Il cerchio si chiude, ma su chi e su cosa? Ancora non è chiaro né chiarito. Il beneficio del dubbio, soprattutto dopo le ultime vicende di cronaca politica, per l’ennesima volta fatta di corruzione, è quanto mai legittimo. Onestamente sembra più una resa dei conti, soprattutto contro colui che è stato una vera e propria spina nel fianco di tutti. Nel mirino c’è il pentapartito, il CAF, ma nello specifico è il leader socialista ritenuto il male supremo di quella classe politica. Gardini, Cagliari, Moroni e molti altri ci lasciano la vita, e il leader socialista muore lontano dalla sua patria. Vennero tacciati di ruberie, venne infangato un intero sistema dalla A alla Z e con una furia mediatica estremamente violenta. La collettività – nell’immediato – dimentica quanto quegli uomini siano stati anche dei veri Statisti. Sempre tanto facile giudicare a priori. La vicenda Sigonella e il braccio di ferro tra Bettino e la Casa Bianca ne è la concreta riprova. Disse no! Quel tipo di no che oggi non ci si permette di dire né ai tedeschi, né agli F35 statunitensi.

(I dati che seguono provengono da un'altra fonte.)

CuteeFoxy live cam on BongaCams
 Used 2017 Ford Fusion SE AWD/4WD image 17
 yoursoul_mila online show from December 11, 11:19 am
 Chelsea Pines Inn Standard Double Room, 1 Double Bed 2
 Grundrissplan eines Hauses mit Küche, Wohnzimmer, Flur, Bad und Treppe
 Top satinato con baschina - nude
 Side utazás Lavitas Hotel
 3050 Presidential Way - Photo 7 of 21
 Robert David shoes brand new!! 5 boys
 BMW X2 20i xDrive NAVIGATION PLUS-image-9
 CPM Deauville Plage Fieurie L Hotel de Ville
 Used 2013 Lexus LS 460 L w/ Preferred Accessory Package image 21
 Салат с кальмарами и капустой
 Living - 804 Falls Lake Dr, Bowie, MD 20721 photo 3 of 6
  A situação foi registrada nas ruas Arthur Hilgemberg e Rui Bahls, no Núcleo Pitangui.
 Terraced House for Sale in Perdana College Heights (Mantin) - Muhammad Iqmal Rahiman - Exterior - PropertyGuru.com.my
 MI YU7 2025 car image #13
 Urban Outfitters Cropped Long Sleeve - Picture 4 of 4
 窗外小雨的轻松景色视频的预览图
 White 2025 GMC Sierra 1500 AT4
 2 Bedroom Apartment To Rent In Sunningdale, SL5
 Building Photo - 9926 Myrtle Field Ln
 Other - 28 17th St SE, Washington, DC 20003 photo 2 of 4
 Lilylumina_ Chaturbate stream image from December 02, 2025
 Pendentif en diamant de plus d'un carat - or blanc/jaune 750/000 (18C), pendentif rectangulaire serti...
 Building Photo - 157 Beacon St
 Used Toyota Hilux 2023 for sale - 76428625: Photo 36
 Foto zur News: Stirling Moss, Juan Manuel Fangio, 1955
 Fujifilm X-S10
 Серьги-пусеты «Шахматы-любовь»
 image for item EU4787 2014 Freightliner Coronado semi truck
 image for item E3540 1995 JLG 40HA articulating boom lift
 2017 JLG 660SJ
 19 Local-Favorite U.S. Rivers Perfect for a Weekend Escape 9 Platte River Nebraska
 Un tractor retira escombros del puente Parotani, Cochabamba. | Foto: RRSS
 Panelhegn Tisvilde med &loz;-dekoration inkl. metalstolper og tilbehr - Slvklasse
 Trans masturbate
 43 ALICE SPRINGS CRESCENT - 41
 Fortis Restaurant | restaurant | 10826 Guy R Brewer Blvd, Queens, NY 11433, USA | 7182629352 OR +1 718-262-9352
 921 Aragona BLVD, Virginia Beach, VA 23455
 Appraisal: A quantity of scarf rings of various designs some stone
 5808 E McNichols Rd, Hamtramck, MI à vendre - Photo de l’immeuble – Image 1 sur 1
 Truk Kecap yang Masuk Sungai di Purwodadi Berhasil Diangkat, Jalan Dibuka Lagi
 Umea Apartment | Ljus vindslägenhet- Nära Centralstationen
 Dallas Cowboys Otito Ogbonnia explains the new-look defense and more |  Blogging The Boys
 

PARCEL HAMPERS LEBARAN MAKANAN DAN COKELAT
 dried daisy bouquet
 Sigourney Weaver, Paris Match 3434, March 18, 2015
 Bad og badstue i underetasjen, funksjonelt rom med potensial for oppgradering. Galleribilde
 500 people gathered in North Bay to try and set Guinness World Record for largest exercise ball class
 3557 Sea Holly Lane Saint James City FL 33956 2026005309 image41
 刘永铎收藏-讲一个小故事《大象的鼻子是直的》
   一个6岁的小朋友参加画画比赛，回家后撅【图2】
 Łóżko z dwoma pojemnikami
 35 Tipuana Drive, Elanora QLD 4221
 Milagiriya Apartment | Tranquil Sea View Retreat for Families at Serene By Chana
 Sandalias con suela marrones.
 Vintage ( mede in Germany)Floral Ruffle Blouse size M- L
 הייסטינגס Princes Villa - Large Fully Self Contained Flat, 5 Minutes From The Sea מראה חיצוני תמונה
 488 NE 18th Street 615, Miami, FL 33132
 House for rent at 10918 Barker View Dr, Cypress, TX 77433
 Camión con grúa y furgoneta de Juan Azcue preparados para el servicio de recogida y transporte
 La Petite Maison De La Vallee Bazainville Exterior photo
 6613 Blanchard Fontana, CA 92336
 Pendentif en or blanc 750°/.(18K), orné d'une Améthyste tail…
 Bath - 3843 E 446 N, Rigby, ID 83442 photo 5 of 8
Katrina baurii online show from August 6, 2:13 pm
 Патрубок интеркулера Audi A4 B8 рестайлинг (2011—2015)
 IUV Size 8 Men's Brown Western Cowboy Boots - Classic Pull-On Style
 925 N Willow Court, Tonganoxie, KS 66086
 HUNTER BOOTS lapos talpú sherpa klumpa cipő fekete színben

Giulio Andreotti, Francesco Cossiga, Bettino Craxi, Sandro Pertini ed Enrico Berlinguer erano politici veri, gente ormai perduta. Oggi, quelle stesse persone che erano fuori dal Raphael con la monetina in mano, probabilmente, rimpiangono non solo questi nomi, ma l’intero sistema dell’epoca che, seppur corrotto era sicuramente produttivo. Di questa “fabbrica” chiamata Italia che lavorava a pieno ritmo ora vi rimangono soltanto canne fumarie spente. Chiesa, Pillitteri, Citaristi e l’intero periodo della Prima Repubblica spazzato via come cenere al vento. E quanto di bello fatto? La vicenda dell’Mps senese non è da considerarsi meno rilevante rispetto al Banco di Calvi, i tesorieri Lusi, Bel Sito e company non si sono poi dimostrati degli angeli, il disastro dei rimborsi esagerati di tutti i Consigli regionali è alla pari se non peggiore dei finanziamenti illeciti o del conto protezione del PSI. Molti di quei signori che all’epoca erano considerati i “Superman” della giustizia, dopo aver cavalcato l’onda del successo, sono oggi odiati altrettanto quanto quei “piduisti” di un tempo. Allora dov’è la giustizia? Cos’è rimasto di quel terremoto istituzionale e soprattutto a cosa ci ha portato? La storia non solo si ripete ma si aggrava e fa capire con amarezza quanto sia stata profondamente dubbiosa – almeno negli intenti – quell’operazione tanto rivoluzionaria denominata Tangentopoli. Dai grandi applausi di quei giorni siamo passati – con il trascorrere del tempo – agli attuali mugugni collettivi e soprattutto al grosso dilemma sulla buona fede di alcuni esponenti di quel Pool.